But I was also young.
And sometimes when you are young, you understand the world first through the people right in front of you.
Through shared rooms.
Shared food.
Shared jokes.
Shared confusion.
Shared youth.
There were both male and female Bosnian students on campus, and yes, there was one Bosnian guy in particular who had my attention.
And by “had my attention,” I mean he had taken up entirely too much space in my imagination for someone who probably had no idea he was there.
He was blond. Blue-eyed. Handsome. Old enough to entertain as a crush. And I loved being around him, looking at him, dreaming about him, and wondering if maybe, by some miracle, he might look at me and suddenly realize that I was obviously the love interest in this international coming-of-age campus romance.
Spoiler alert: I am beyond positive this was a one-way affair.
But he was not the only interesting storyline on campus.

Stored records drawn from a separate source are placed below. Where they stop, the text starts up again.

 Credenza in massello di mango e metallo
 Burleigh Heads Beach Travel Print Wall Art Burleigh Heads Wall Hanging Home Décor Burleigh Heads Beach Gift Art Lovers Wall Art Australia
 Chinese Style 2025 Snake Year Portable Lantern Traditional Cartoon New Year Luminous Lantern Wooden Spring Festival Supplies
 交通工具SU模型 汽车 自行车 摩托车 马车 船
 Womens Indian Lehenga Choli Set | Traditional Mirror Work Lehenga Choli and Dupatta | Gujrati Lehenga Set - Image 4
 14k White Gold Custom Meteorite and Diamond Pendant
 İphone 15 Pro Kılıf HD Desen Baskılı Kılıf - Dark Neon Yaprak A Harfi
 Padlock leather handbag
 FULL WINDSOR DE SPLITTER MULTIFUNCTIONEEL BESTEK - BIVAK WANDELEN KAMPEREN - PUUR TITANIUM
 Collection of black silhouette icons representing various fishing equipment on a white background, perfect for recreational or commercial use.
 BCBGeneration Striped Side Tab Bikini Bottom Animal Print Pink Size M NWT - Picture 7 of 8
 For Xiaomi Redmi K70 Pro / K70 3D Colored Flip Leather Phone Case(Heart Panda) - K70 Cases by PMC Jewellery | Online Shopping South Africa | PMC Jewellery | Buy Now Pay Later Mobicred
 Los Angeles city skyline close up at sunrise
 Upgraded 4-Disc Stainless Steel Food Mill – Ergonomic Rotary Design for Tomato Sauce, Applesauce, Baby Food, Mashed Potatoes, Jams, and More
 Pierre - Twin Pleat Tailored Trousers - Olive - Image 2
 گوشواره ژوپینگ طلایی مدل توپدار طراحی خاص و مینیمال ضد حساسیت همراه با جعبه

There was also one Albanian student there, and he was an interesting fellow too. He was younger than me, only sixteen, but he did not look sixteen. He was well over six feet tall, with facial hair and everything, and holy mother of mercy, that young man looked grown. He liked me back then, and there was a real friendship there. I even learned a little of his language too. But I was in my early twenties, and he was not. Some lines are not blurry, no matter how tall, handsome, or charming someone is.
And then there was the American guy, the one who would not get the movie lighting in my memory but would still become part of my actual story.
He had a similar setup to mine. He was also an honor student, also Phase 4, and all of his dorm mates were Bosnian too. When I first got to Denison, after starting at Clearfield, my first roommate was dating him. I liked him, but I would have never crossed that line. That has never been my game.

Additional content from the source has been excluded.